Sir John Bagot Glubb (born April 16, 1897, Preston, Lancashire, Eng.—died March 17, 1986, Mayfield, East Sussex) was a British army officer who in 1939–56 commanded the Arab Legion, an army of Arab tribesmen in Transjordan and its successor state, Jordan.
The son of a British army officer, Glubb attended the Royal Military Academy and then rose steadily in the British army. He served in Europe in World War I and then volunteered for service in Iraq. In 1926 he resigned from the British army to become an administrative inspector for the Iraqi government; he left this post in 1930 and contracted to serve as a brigadier in Transjordan’s Arab Legion, an internal police force employed prior to World War II. Glubb became its commander in 1939 and transformed it into a disciplined army that supported the Allies in World War II. After 1951 he raised a national guard to defend Jordan’s border against Israeli raids. Arab pressure to eliminate British influence in the Middle East led to his dismissal in 1956. He was knighted in that year.
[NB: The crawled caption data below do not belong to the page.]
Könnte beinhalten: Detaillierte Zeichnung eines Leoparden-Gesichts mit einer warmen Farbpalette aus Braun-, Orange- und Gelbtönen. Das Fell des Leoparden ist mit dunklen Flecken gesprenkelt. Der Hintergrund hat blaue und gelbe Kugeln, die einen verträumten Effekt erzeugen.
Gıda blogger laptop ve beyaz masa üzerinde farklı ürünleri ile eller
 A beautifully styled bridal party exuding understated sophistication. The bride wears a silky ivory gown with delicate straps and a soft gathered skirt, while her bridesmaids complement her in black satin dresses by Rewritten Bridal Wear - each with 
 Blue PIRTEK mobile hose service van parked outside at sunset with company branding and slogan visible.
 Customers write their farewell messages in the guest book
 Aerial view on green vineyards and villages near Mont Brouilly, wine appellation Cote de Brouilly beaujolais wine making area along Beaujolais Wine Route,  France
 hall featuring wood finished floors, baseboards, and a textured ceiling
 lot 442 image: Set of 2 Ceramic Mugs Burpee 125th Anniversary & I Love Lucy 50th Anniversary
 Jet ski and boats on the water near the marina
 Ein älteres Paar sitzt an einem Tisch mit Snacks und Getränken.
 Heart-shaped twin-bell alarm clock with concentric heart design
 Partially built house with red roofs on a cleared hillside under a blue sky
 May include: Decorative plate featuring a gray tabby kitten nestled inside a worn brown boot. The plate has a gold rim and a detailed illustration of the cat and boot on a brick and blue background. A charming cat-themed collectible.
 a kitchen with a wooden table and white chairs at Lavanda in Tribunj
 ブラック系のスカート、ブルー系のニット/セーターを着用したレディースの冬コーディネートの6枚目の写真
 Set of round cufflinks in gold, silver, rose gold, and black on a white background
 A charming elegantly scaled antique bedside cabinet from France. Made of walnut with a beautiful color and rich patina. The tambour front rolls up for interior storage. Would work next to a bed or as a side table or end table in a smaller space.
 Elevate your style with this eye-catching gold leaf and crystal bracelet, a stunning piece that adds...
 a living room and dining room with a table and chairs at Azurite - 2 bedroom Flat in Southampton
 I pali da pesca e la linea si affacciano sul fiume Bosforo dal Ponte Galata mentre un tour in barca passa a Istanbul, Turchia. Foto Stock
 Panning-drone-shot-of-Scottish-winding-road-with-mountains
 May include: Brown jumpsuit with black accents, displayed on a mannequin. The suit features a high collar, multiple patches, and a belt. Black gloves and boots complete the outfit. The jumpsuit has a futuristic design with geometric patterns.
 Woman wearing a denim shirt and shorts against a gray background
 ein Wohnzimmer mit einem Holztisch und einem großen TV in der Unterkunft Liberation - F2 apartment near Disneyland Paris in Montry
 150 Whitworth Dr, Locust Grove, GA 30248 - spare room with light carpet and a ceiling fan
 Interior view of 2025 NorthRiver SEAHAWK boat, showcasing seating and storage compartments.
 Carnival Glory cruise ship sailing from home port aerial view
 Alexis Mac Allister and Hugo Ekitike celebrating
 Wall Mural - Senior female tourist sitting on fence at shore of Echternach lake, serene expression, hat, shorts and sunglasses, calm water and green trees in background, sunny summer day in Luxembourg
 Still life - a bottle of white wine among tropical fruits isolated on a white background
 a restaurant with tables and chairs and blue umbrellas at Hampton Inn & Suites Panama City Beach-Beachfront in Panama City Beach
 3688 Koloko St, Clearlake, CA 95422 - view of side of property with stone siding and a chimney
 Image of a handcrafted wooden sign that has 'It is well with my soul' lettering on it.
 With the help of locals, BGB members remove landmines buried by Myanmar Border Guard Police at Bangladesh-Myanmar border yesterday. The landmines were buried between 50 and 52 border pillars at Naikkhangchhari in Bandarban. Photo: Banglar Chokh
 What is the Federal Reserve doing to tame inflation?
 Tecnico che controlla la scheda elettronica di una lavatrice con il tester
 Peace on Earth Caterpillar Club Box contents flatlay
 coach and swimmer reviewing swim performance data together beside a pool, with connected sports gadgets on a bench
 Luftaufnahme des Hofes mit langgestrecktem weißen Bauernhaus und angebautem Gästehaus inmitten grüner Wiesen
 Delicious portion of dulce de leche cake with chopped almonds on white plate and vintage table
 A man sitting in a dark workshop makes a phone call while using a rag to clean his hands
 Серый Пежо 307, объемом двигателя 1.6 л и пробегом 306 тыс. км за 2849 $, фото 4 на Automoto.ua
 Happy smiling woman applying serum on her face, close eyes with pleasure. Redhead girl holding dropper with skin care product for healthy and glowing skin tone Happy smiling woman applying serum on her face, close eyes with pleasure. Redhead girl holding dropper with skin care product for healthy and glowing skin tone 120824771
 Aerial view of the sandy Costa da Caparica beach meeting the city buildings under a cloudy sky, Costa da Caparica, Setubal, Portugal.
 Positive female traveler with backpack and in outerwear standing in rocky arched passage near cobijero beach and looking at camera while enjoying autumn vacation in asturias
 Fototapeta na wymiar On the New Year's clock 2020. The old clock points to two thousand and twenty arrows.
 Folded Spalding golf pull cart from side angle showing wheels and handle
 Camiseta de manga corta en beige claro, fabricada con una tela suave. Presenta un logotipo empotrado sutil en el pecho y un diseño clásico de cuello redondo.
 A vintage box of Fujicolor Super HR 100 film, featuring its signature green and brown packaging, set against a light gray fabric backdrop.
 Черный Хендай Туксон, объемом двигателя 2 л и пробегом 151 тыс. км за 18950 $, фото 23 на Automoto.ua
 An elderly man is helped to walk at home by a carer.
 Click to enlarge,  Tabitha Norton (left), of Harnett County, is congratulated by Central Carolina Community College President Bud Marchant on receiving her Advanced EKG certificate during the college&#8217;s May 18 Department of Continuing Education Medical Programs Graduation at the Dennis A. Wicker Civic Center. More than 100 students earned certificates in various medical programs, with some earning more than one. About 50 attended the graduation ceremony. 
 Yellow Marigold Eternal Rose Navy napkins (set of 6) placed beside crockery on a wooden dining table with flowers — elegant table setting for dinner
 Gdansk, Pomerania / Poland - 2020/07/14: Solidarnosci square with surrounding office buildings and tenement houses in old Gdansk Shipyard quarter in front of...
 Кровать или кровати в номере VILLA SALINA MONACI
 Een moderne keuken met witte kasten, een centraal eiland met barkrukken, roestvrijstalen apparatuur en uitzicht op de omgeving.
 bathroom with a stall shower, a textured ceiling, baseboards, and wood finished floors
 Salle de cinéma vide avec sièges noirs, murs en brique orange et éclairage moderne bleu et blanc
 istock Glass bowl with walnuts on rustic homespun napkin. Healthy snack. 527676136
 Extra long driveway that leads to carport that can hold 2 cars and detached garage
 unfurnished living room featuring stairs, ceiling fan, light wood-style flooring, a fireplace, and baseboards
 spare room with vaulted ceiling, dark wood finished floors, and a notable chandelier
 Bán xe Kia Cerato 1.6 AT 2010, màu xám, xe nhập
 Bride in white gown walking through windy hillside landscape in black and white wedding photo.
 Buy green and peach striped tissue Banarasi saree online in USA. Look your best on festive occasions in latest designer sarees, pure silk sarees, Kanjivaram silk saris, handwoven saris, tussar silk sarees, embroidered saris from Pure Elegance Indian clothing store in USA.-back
Glubb Pasha’s writings include Story of the Arab Legion (1948), Britain and the Arabs (1959), The Empire of the Arabs (1963), Syria, Lebanon, Jordan (1967), The Life and Times of Muhammad (1970), Peace in the Holy Land (1971), and Soldiers of Fortune (1973), the last dealing with the Mamlūks. His autobiography, The Changing Scenes of Life, was published in 1983.